Speaking with the intense emotional lucidity that is the hallmark of her acting, she immediately got down to brass tacks: “You know, there’s one place that all the people with the greatest potential are gathered. One place. And that’s the graveyard.”
Her mission as an actress, she said, is to exhume those bodies. Exhume those stories. The stories of the people who dreamed big, and never saw those dreams to fruition.” The kind of ordinary lives August Wilson, the author of “Fences,” devoted his exemplary career to resurrecting. “I became an artist and thank God I did because we are the only profession that celebrates what it means to live a life,” Davis said, transcending politics with the humanism of art.

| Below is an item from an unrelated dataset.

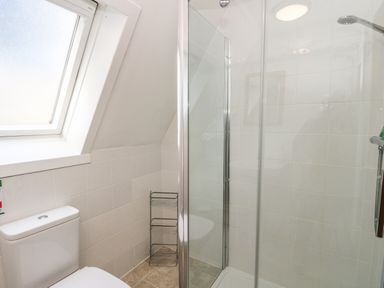 A bathroom with a toilet a corner shower with glass doors a metal rack and a frosted window at 27 Invergarry Lodges in South Laggan near Invergarry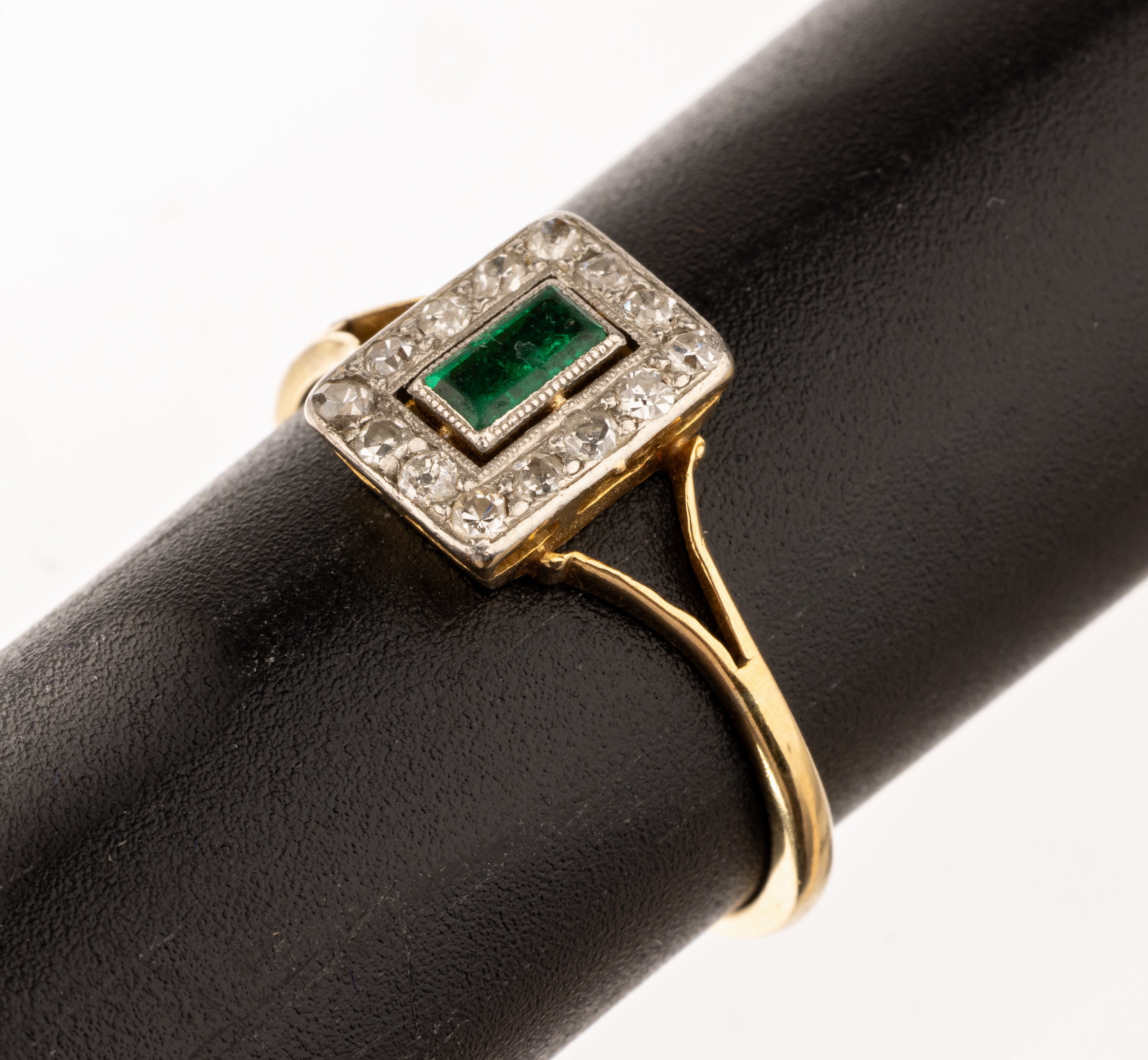 18 kt Gold Smaragd-Diamant-Ring, um 1930, GG 750/000 gepr., mittig Smaragd-Baguette ca. 0.12 ct, umgeben von 14 Altschliffdiamanten zus. ca. 0.16 ct ...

There were speeches that editorialized more explicitly on Trump’s policies. Gael García Bernal took issue with the White House’s immigration plans, saying, “As a Mexican, as a Latin American, as a migrant worker, as a human being, I am against any form of wall that wants to separate us.” And a statement from Iranian director Asghar Farhadi, whose movie “The Salesman” received the foreign film award, explained that his absence was “out of respect for the people of my country and those of other six nations who have been disrespected by the inhumane law that bans entry of immigrants to the U.S.”
It was interesting to see up-close the mixed reaction to these political moments at the Dolby, where those not applauding were as conspicuous as those who were. Support for these positions clearly outweighed the silence, but “liberal Hollywood” isn’t the monolith imagined in conservative jeremiads. Some in the audience were simply not comfortable in expressing a political opinion, but a few others appeared to be wearing a look of weary forbearance.
No one, however, could argue with the basic thrust of the evening that dividing people into enemy camps isn’t the way to move forward or to stay sane. Opposition, as the brilliant Shakespearean actor Mark Rylance observed while presenting the supporting actress award, shouldn’t have to devolve into hatred. Even a liberal stalwart like Warren Beatty hewed to this message, prefacing his presentation of the night’s final award with the idea that “our goal in politics is the same as our goal in art. And that is to get to the truth.”
The truth that collected trophies on Sunday was more diverse than the previous year that gave us the hashtag #OscarsSoWhite. This was a cause of celebration. The academy had taken steps to respond to the outcry that it wasn’t doing enough to expand its tent. Hollywood still has entrenched structural problems, but the Oscars had reason to pat itself on the back, even if the bungling of the evening’s top prize cheated “Moonlight,” the first LGBT film to win for best picture, of its turn in the sun.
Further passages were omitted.